It’s
not been too terrible a year to be a supporter of industrial hemp in the
Bluegrass State. We did, for example,
see a new Commissioner of Agriculture, James Comer, sworn in who just stood up
and endorsed this marvelous plant.
There’s
also been one state official who’s been trying relentlessly to reintroduce
industrial hemp in Kentucky, mostly without a lot of help, and that would be
Senator Joey Pendleton (D) Senate District 3.
Well, anyway, that’s where he was prior to redistricting.
The
truth is that while the bill introduced by him this last legislative session
didn’t get out for a vote in the Senate, Kentucky has already passed a bill that
would allow its farmers to grow industrial hemp.
The big
roadblock is the Drug Enforcement Administration, and while they may not be
convinced of the fact that hemp and its cousin, marijuana, really belong on the
list of schedule one narcotics, this doesn’t mean they won’t stop enforcing this
idiotic inclusion.
This
list, by the way, includes opiates, opiate derivatives, depressants and
stimulants and psychedelic substances.
If you look, you’ll find one little substance in that last grouping,
tetrahydrocannabinol, or THC, and it’s this that industrial hemp has in such
small quantities that it couldn’t even get a fly high.
What
can industrial hemp do? C’mon, get real.
This plant has over 22,000 uses (maybe considerably over) so it’d take a
lot more than 550 words to list them all.

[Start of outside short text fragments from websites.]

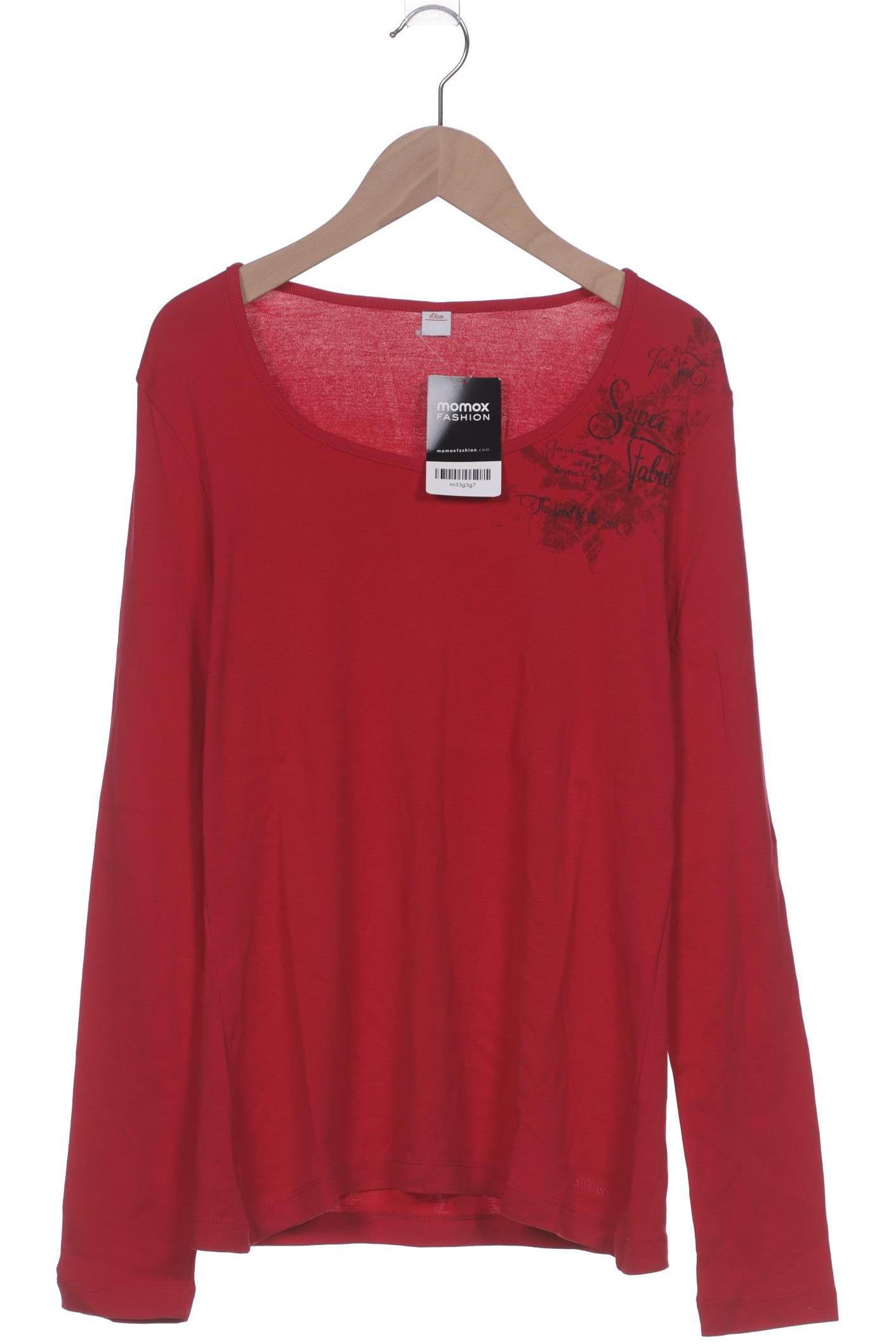 

s.Oliver Damen Langarmshirt, bordeaux, Gr. 42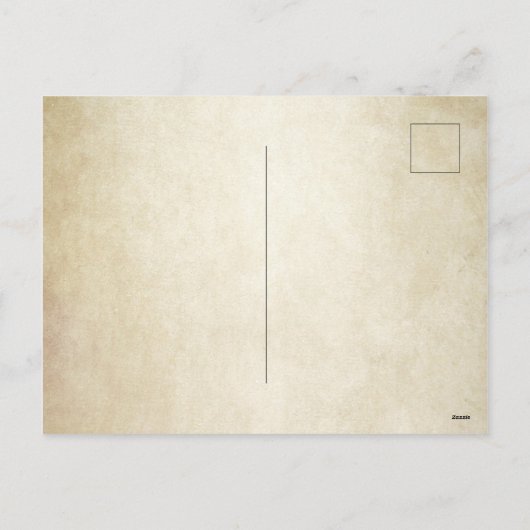 Calligrafie, gelaagd met handschrift columbine che feestdagenkaart (Achterkant)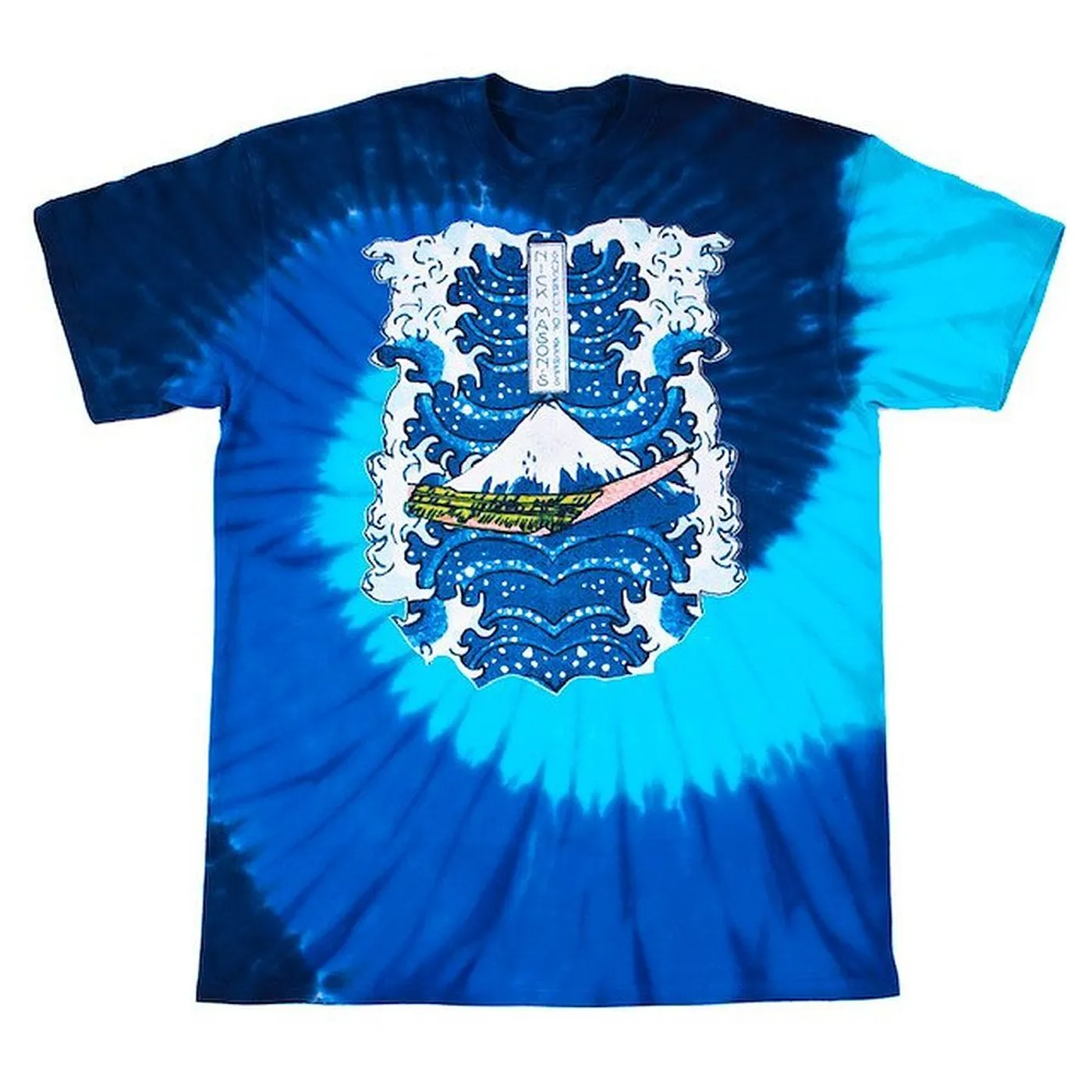 Nick Mason's Saucerful of Secrets Hokusai Wave Tie Dye T-Shirt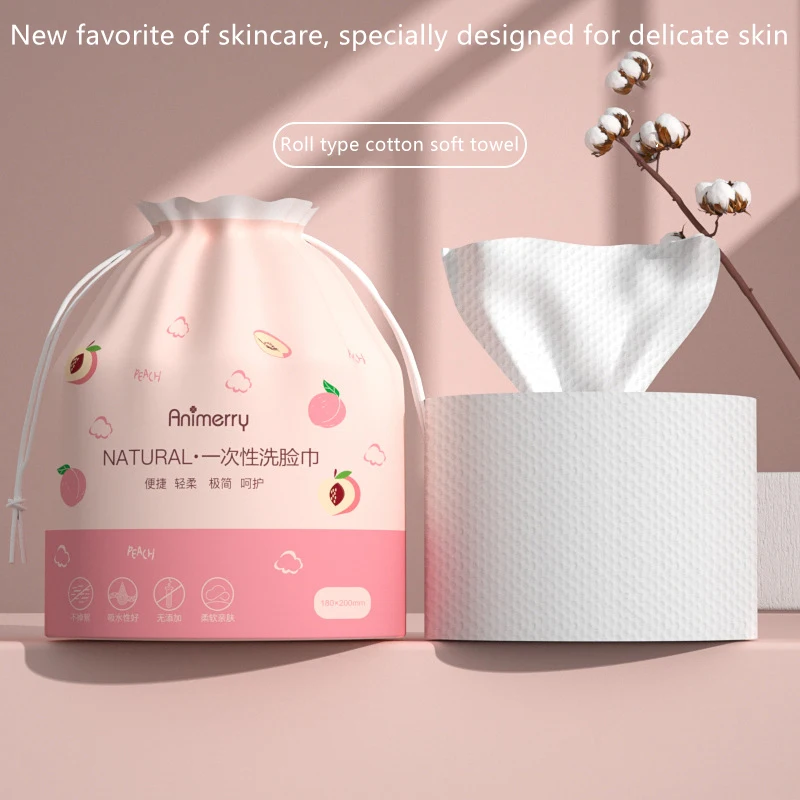

Disposable Face Towels Bathroom Facial Tissue Makeup Remover Wipes Dry Wet Skincare Roll Paper Multi Choices 1/2/3 Roll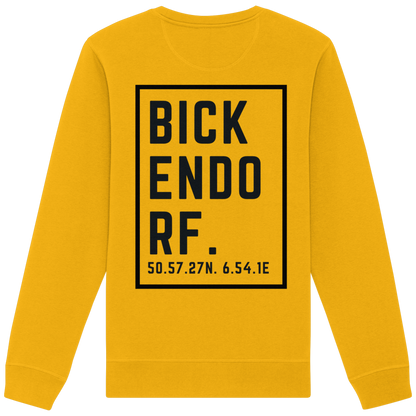 Bickendorf Koordinaten (großer Druck auf dem Rücken) - Organic Basic Unisex Sweatshirt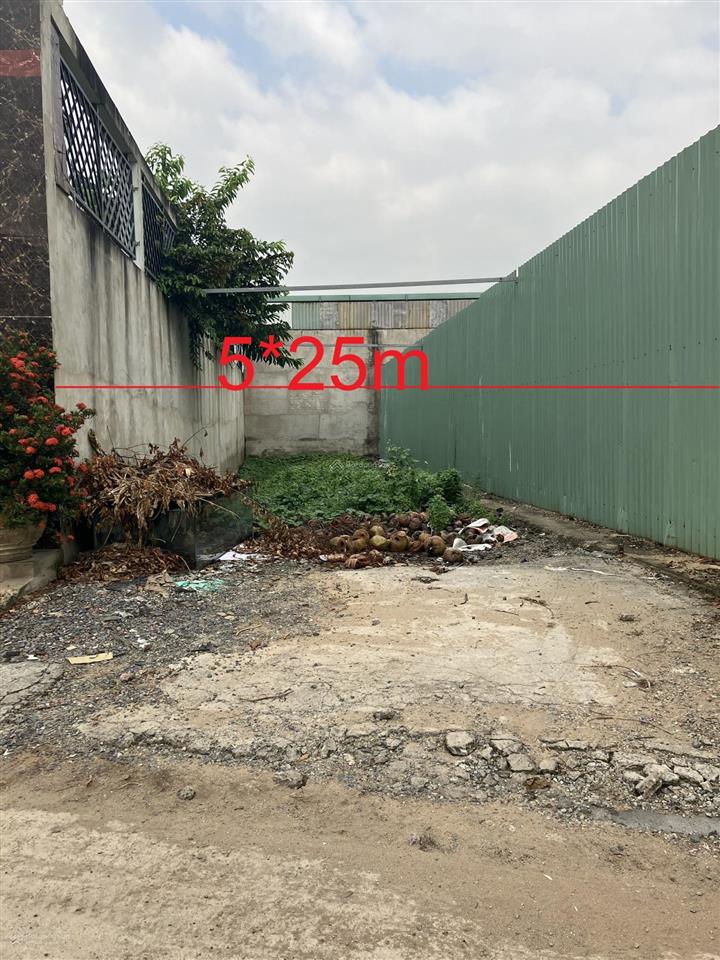 Bán đất 128m2(5x25m) hxh sát mặt tiền gần cầu tân tạo tl10 bình tân chỉ 4.5tỷ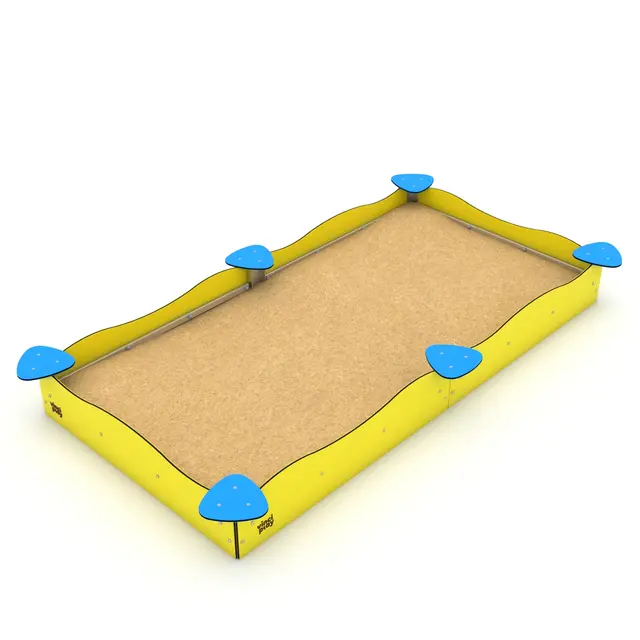Solo sandkasse firkantet L178 x B178 x H30 cm 
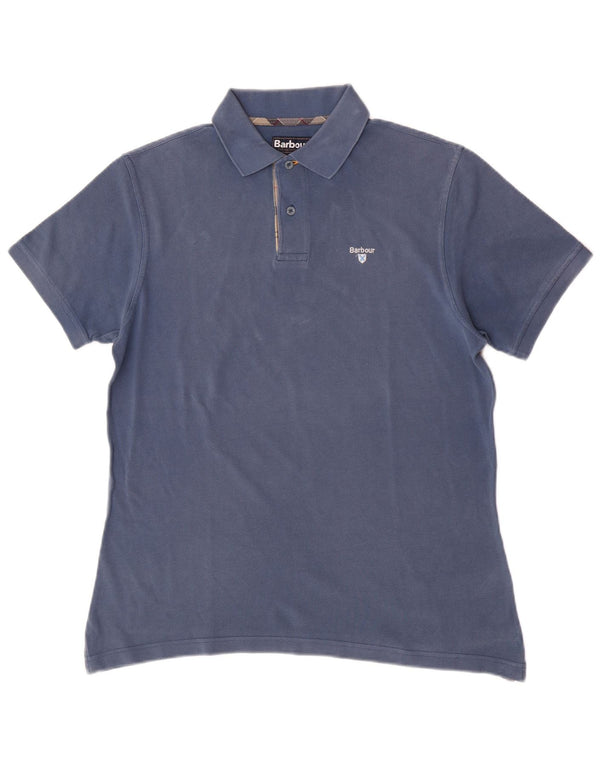 Polo da uomo Barbour grande blu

But more than that, better than that, even, is the possibilities of the
jobs it would mean, not just in Kentucky, but all across the U S, if we could
just get the feds to drop hemp prohibition.
For the
record, by the way, we aren’t the only state that has passed laws concerning
industrial hemp. Here’s some info
included in an e-mail I got from an organization I am a member of-Vote Hemp: “To
date, thirty-one states have introduced hemp legislation and seventeen have
passed legislation; nine (Hawaii, Kentucky, Maine, Maryland, Montana, North
Dakota, Oregon, Vermont and West Virginia) have removed barriers to its
production or research.”
Sadly,
no state law will ever trump federal law on hemp. And it is from this unenviable position
anyone whose aim it is to see renewed hemp production in the U S must
start.
Yes,
there is presidential aspirant, Ron Paul, R., TX, who reintroduced his bill that
would exclude hemp from the list of schedule one narcotics. It’s in the same
position the bill that was passed over in Kentucky was; it was assigned to a
cold and unfeeling committee (House Judiciary Committee) where it was left to
languish.
And
until very recently, no one would co-sponsor that bill in the U S Senate, not
even Rep. Paul’s son, the transplanted Texan we elected to that august body, one
Rand Paul.
But we
did get word a while back that Senator Ron Wyden, D. OR, has introduced Senate
Amendment 2220 to the Agriculture Reform, Food, and Jobs Act of 2012,
S.3240.
This
amendment is Rep. Ron Paul’s bill, H. R. 1831.
Now hemp supporters must contact Members of Congress to urge them to vote
aye. So I
urge you all to call or write (snail or e-mail) them.
This
may be our best chance ever.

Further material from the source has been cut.